Segment Open

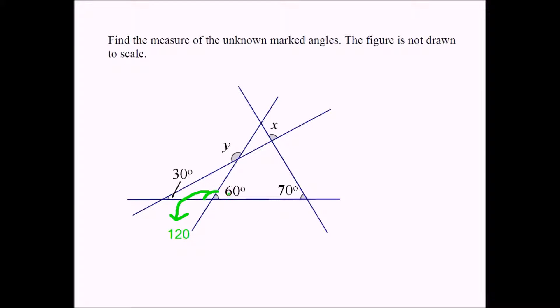These two angles form a linear pair. If this is 120, this is 30. This has to equal 30 as well, because these three angles are the three angles of a triangle — this one, this one, and this one. So from 180, if you subtract 30 plus 120, which is 150, you're going to get 30.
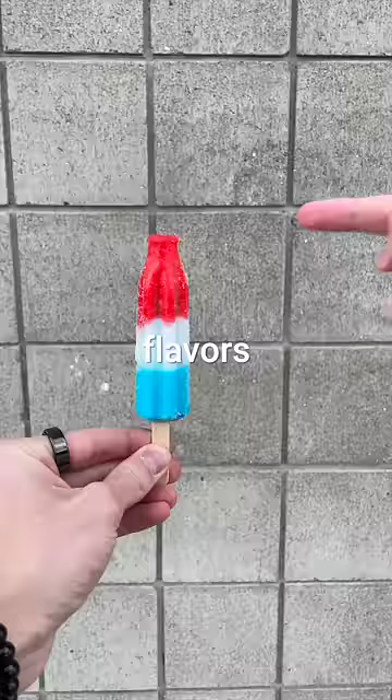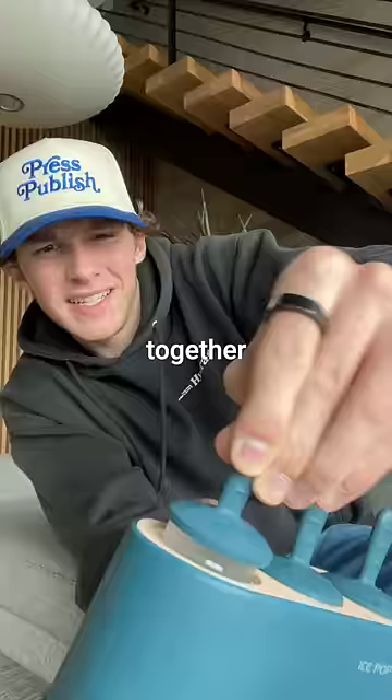Now, bomb pops are made of three flavors: cherry, lime, and blue raspberry. So will the Prime taste like all three mixed together? There's only one way to find out.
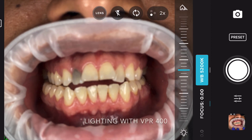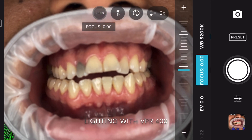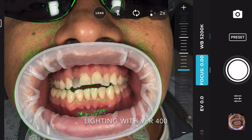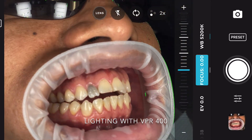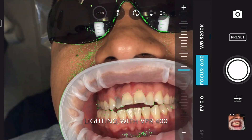Next, we're going to set an autofocus distance. This app is geared towards videographers, and so the minimum focus distance is not quite as close as you can get with a normal iPhone camera app, but one cool thing is we can set it at minimum focus and then move the teeth in and out.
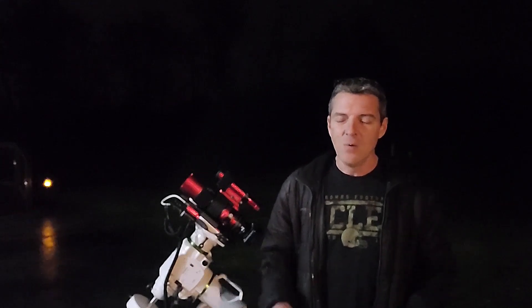Astrophotography has to be the most satisfying, gratifying, enjoyable hobby that I've ever taken on. When I started this back in March of this year, I had nothing more than a mirrorless camera, a kit telephoto lens, and a simple tripod.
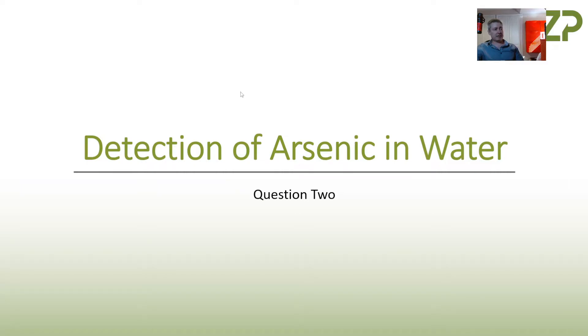Hi, this is a quick video about detecting arsenic in water. What I'm describing here really is kind of an initial proof-of-principle laboratory study.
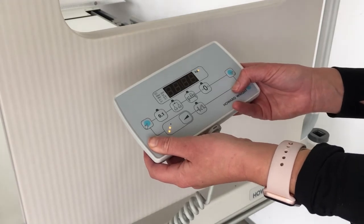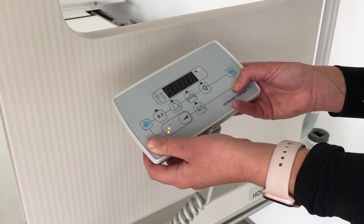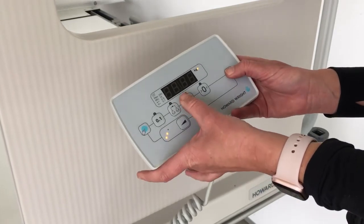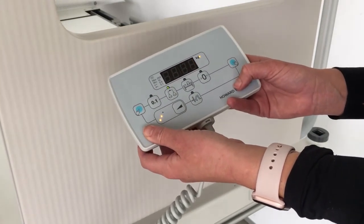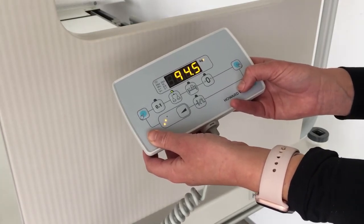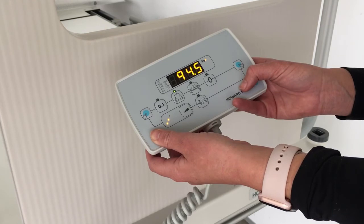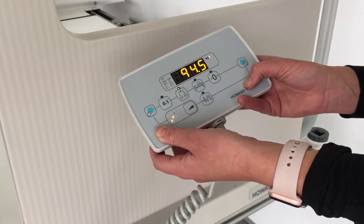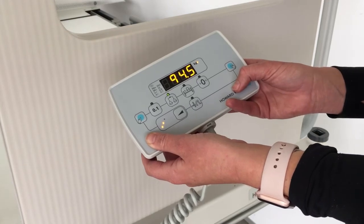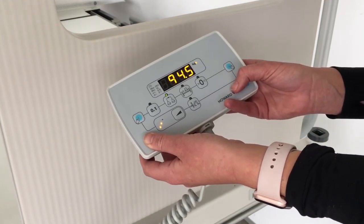The display will flash and zero will display. To weigh the patient, place the patient on the bed and press the weigh button. The display will flash and the patient's weight will be displayed. If you need to add or remove weight from the bed, use the add or remove weight function. This is useful if you need to add a piece of equipment such as an IV pole or oxygen cylinder carrier.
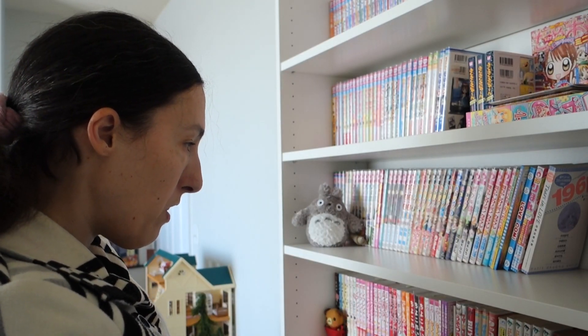Hey guys, so that time again for another video. In today's video, I'll be reorganizing this whole shelf right here — the Japanese manga shelf. I figured it was time to reorganize it, mainly because I haven't really touched it since I moved in here, and it's kind of a bit messy and needs a little bit of TLC, to be honest.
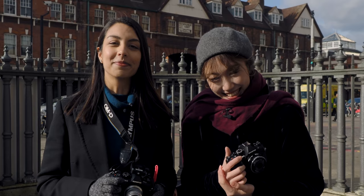Hi, my name is Zoha. My name is Ari. And today we'll be talking about the E-M1 Mark III and Mark II on our channel.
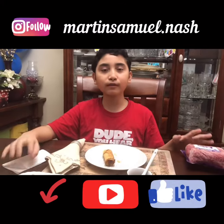Please like and subscribe to Martin Samuel Nash. Bye. May God bless you all.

Segment Closed

**Task requirements**
Repeat all of the entries above word for word and omit the pictures.

**Answer section**
These two angles form a linear pair. If this is 120, this is 30. This has to equal 30 as well, because these three angles are the three angles of a triangle — this one, this one, and this one. So from 180, if you subtract 30 plus 120, which is 150, you're going to get 30.
Now, bomb pops are made of three flavors: cherry, lime, and blue raspberry. So will the Prime taste like all three mixed together? There's only one way to find out.
Next, we're going to set an autofocus distance. This app is geared towards videographers, and so the minimum focus distance is not quite as close as you can get with a normal iPhone camera app, but one cool thing is we can set it at minimum focus and then move the teeth in and out.
Astrophotography has to be the most satisfying, gratifying, enjoyable hobby that I've ever taken on. When I started this back in March of this year, I had nothing more than a mirrorless camera, a kit telephoto lens, and a simple tripod.
Hi, this is a quick video about detecting arsenic in water. What I'm describing here really is kind of an initial proof-of-principle laboratory study.
The display will flash and zero will display. To weigh the patient, place the patient on the bed and press the weigh button. The display will flash and the patient's weight will be displayed. If you need to add or remove weight from the bed, use the add or remove weight function. This is useful if you need to add a piece of equipment such as an IV pole or oxygen cylinder carrier.
Hey guys, so that time again for another video. In today's video, I'll be reorganizing this whole shelf right here — the Japanese manga shelf. I figured it was time to reorganize it, mainly because I haven't really touched it since I moved in here, and it's kind of a bit messy and needs a little bit of TLC, to be honest.
Hi, my name is Zoha. My name is Ari. And today we'll be talking about the E-M1 Mark III and Mark II on our channel.
Please like and subscribe to Martin Samuel Nash. Bye. May God bless you all.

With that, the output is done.